What the task asks: What's needed is the listing below, repeated word for word with no pictures.

Provided information START

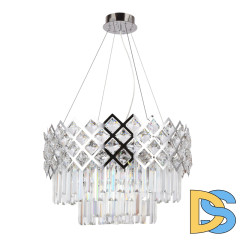 Подвесная люстра Arte Lamp Wezen A1006SP-10CC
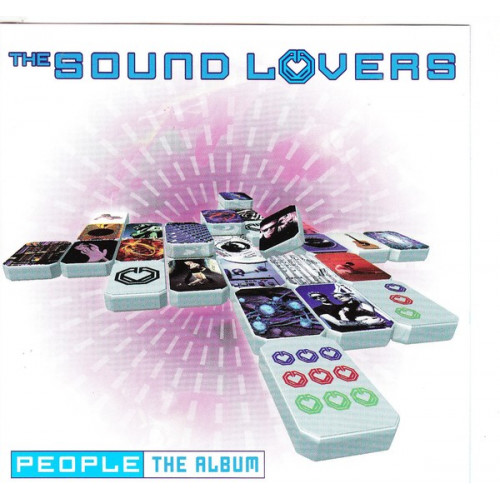 Sound Lovers,The - People,The Album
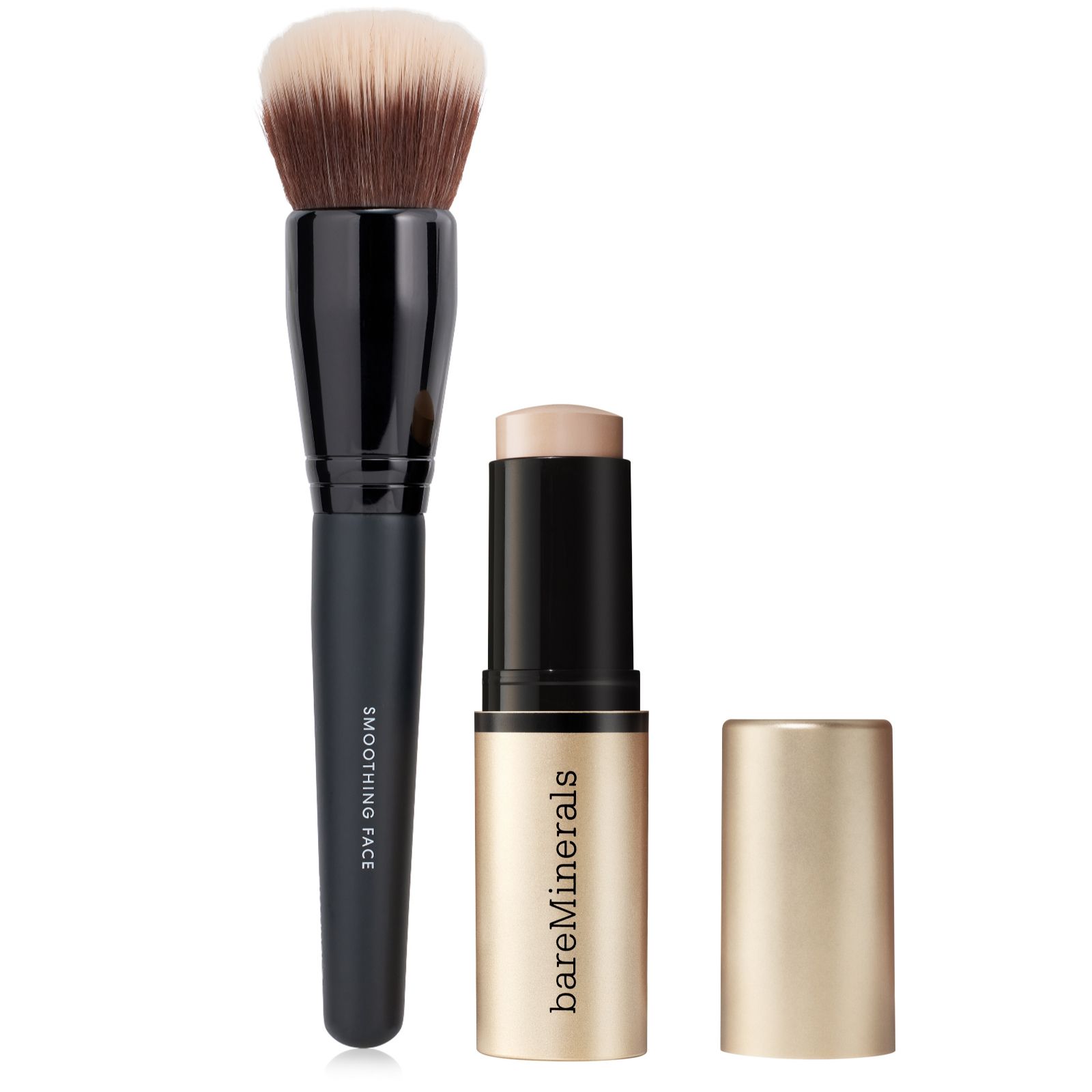 bareMinerals Complexion Rescue Luminous Skin Tint Stick & Brush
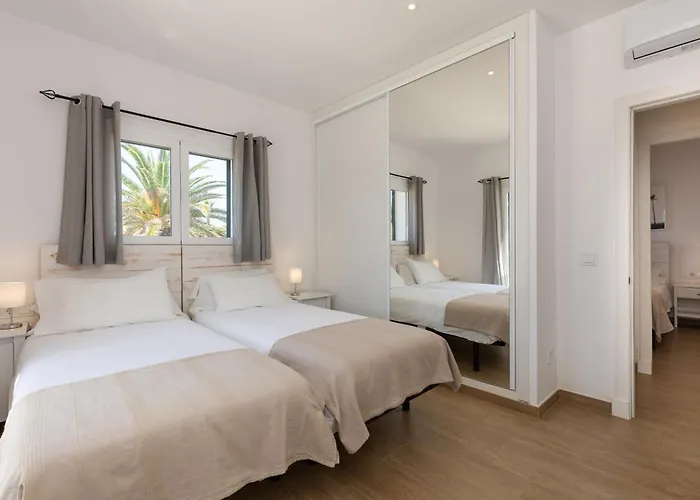 别墅 Maravilla With Heatable Pool Rooftopbar With Sea Views *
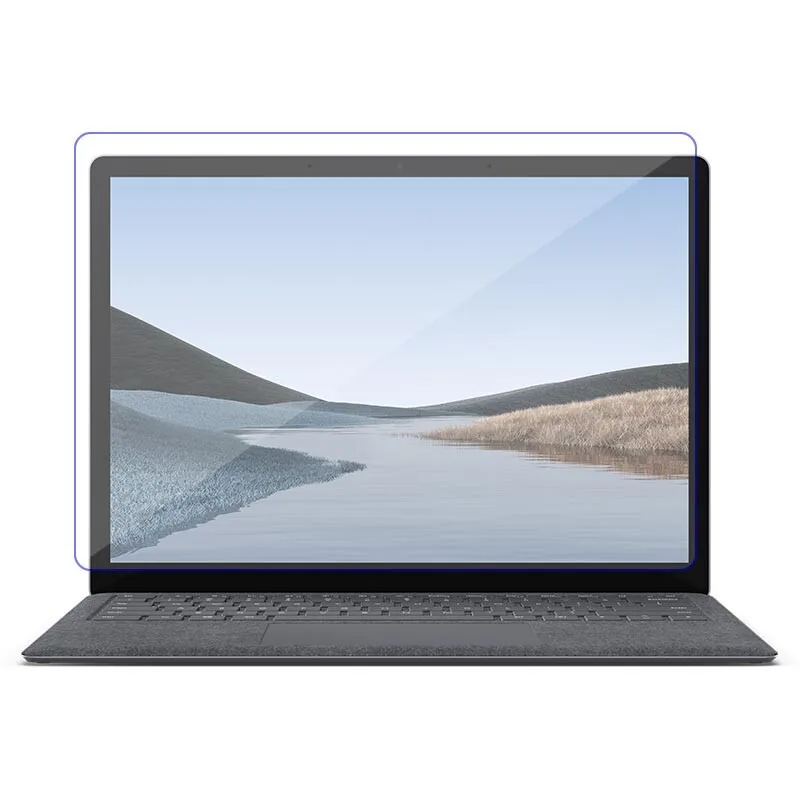 2.5D Закаленное стекло для Microsoft Surface Book 1 2 3 13 5 '✕'' защитная пленка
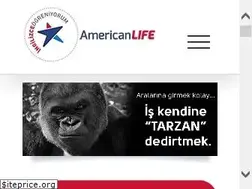 Sites similar to americanlife.org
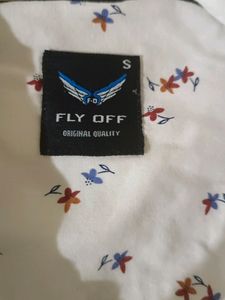 White PRINTED SHIRT FOR BOYS 15 YEAR OLD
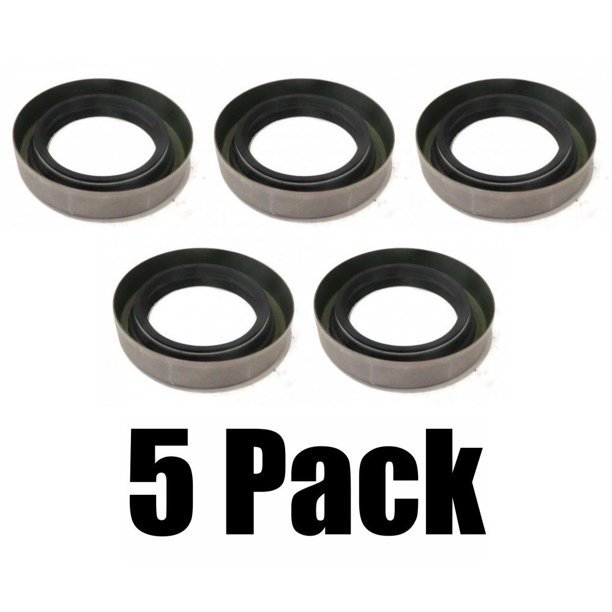 (5) New Trailer Hub Wheel GREASE SEAL 1.719" x 2.565" 3500 Axle 1019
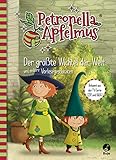 Petronella Apfelmus - Die TV-Serie: Der größte Wichtel der Welt und andere Vorlesegeschichten. Band 4 (Petronella Apfelmus - Buch zur TV-Serie)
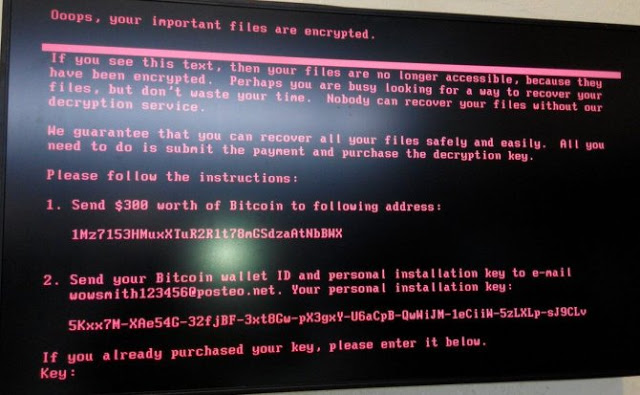 petrwrap petya ransomware linux security infosec hack hacking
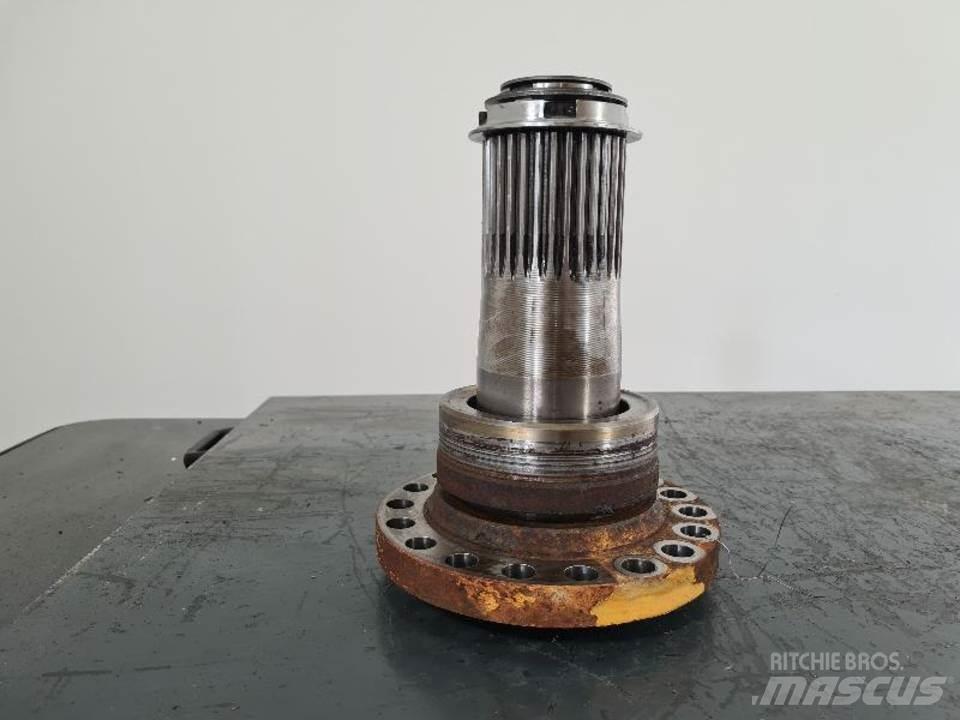 Volvo A20 Menjalnik
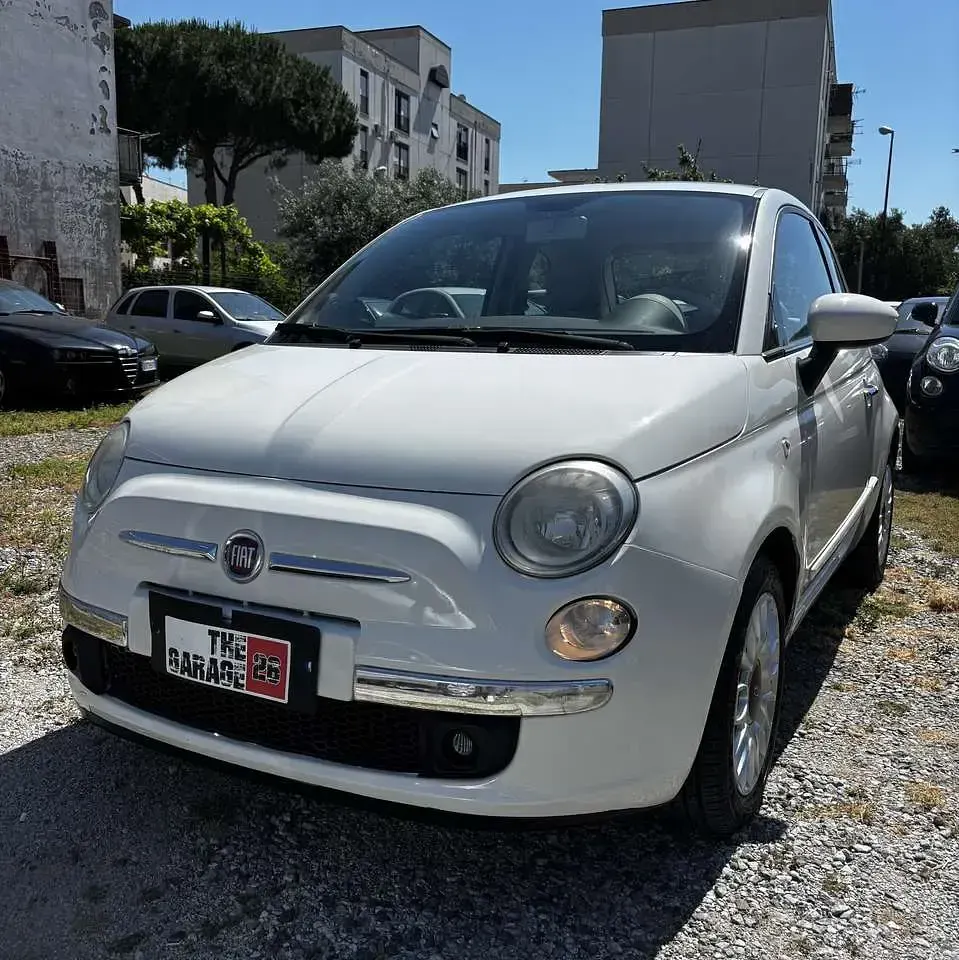 Usata Fiat 500 Pop 69 CV (50 kW) 2010 Other Utilitaria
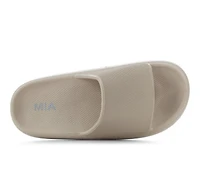 Women's MIA Camyl Platform Slides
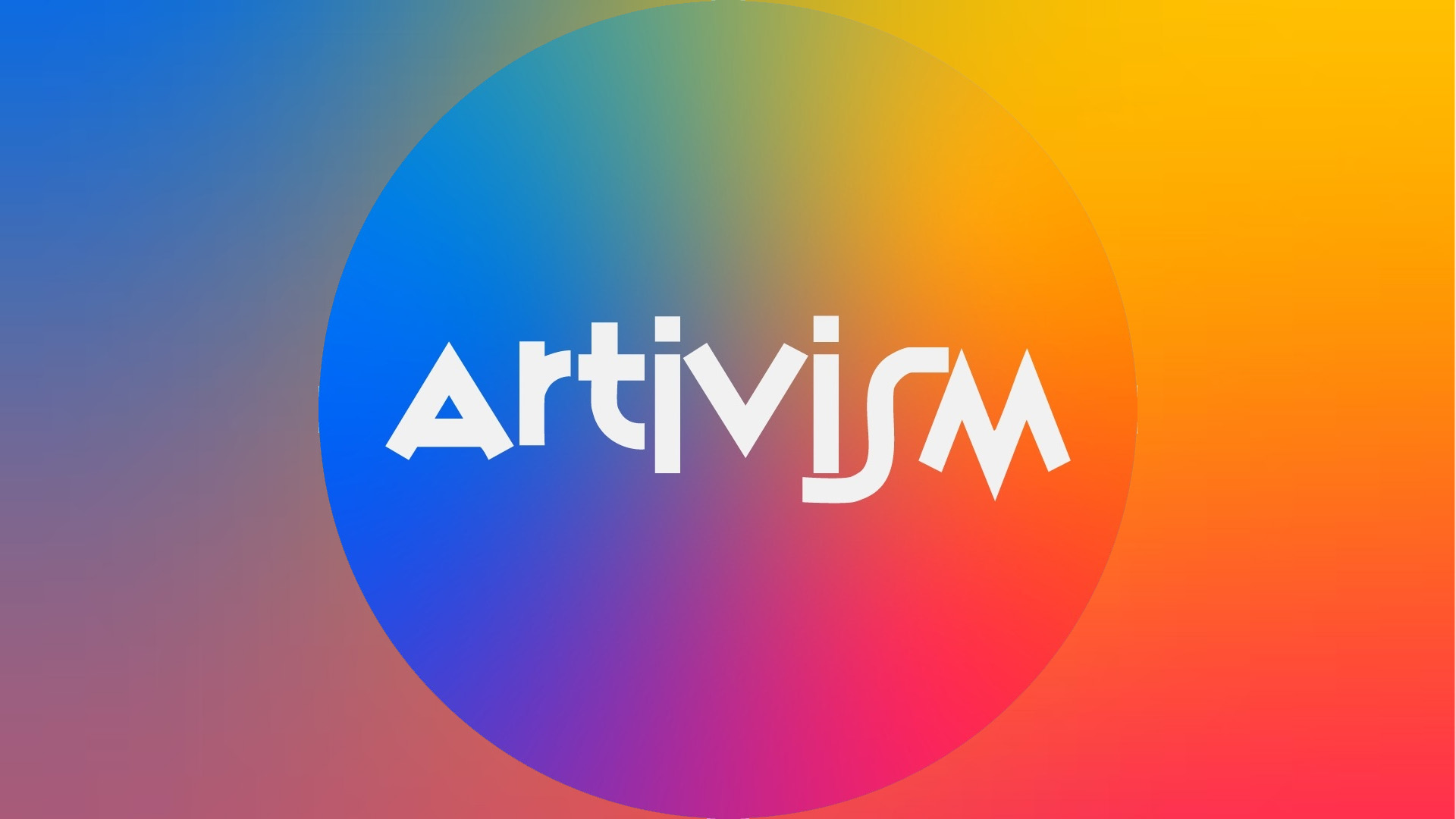 Global Artivism Convening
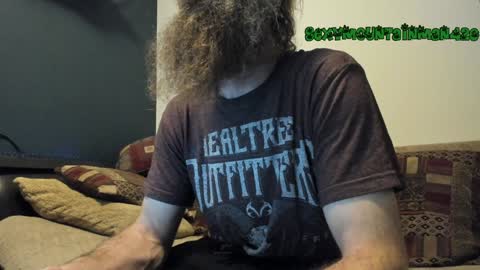 Sexymountainman420 online show from December 29, 9:30 pm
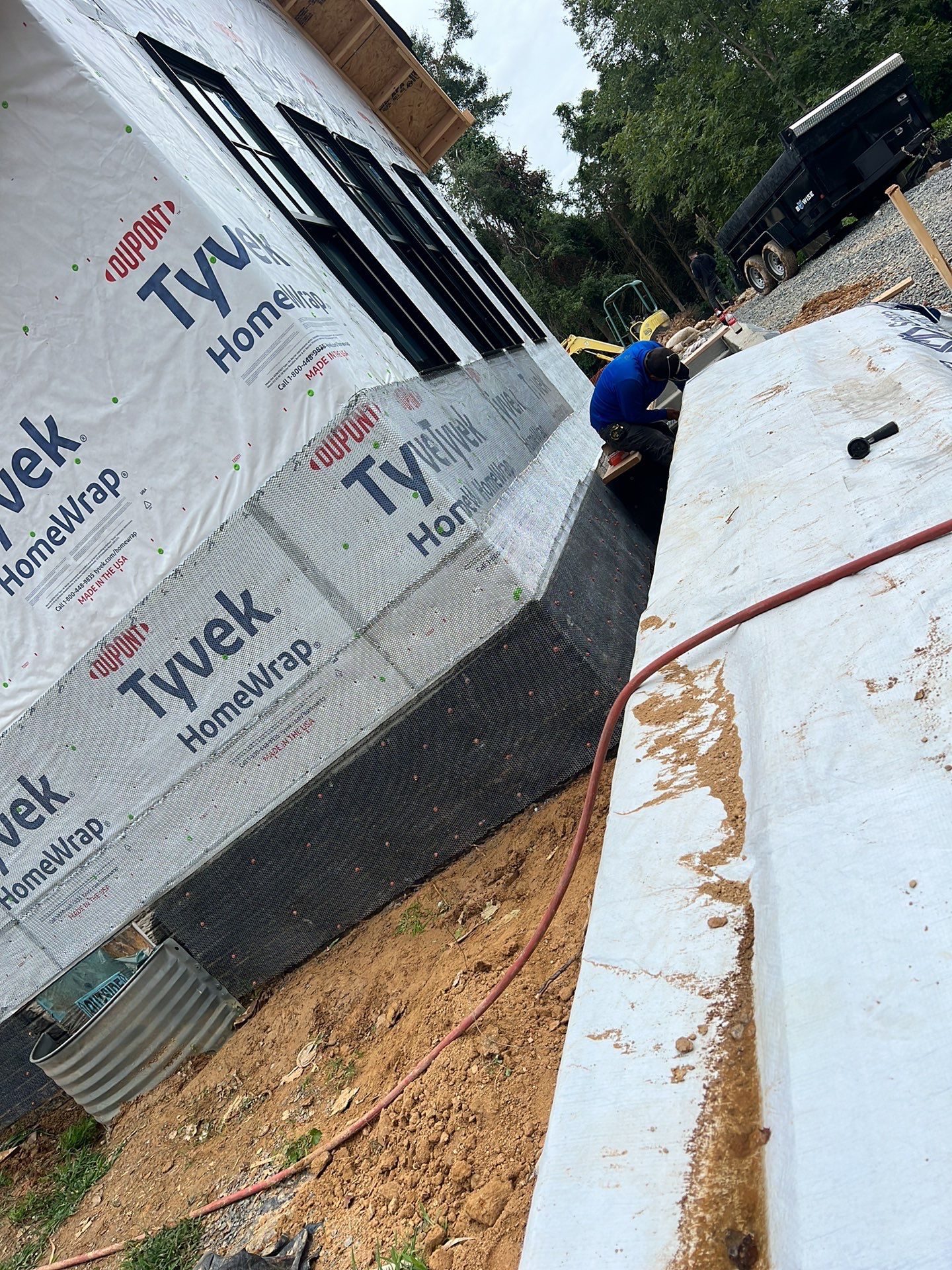 New Home Vienna Virginia by Fairfax Contractors, LLC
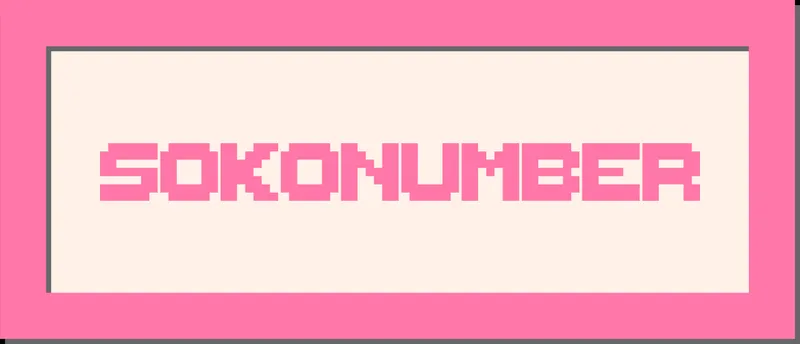 Sokonumber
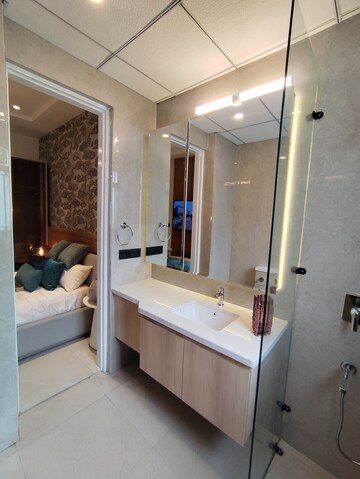 Master Bedroom in 3 BHK Builder Floor at Signature Global Daxin Vistas, Bhondsi – for Sale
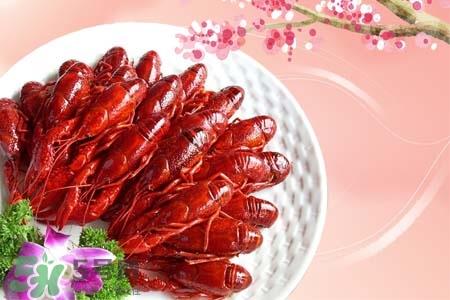 小龙虾可以和吃樱桃吗?小龙虾和樱桃能一起吃吗? 小龙虾可以和吃樱桃吗?小龙虾和樱桃能一起吃吗?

Provided information END

Task output:
 Подвесная люстра Arte Lamp Wezen A1006SP-10CC
 Sound Lovers,The - People,The Album
 bareMinerals Complexion Rescue Luminous Skin Tint Stick & Brush
 别墅 Maravilla With Heatable Pool Rooftopbar With Sea Views *
 2.5D Закаленное стекло для Microsoft Surface Book 1 2 3 13 5 '✕'' защитная пленка
 Sites similar to americanlife.org
 White PRINTED SHIRT FOR BOYS 15 YEAR OLD
 (5) New Trailer Hub Wheel GREASE SEAL 1.719" x 2.565" 3500 Axle 1019
 Petronella Apfelmus - Die TV-Serie: Der größte Wichtel der Welt und andere Vorlesegeschichten. Band 4 (Petronella Apfelmus - Buch zur TV-Serie)
 petrwrap petya ransomware linux security infosec hack hacking
 Volvo A20 Menjalnik
 Usata Fiat 500 Pop 69 CV (50 kW) 2010 Other Utilitaria
 Women's MIA Camyl Platform Slides
 Global Artivism Convening
 Sexymountainman420 online show from December 29, 9:30 pm
 New Home Vienna Virginia by Fairfax Contractors, LLC
 Sokonumber
 Master Bedroom in 3 BHK Builder Floor at Signature Global Daxin Vistas, Bhondsi – for Sale
 小龙虾可以和吃樱桃吗?小龙虾和樱桃能一起吃吗? 小龙虾可以和吃樱桃吗?小龙虾和樱桃能一起吃吗?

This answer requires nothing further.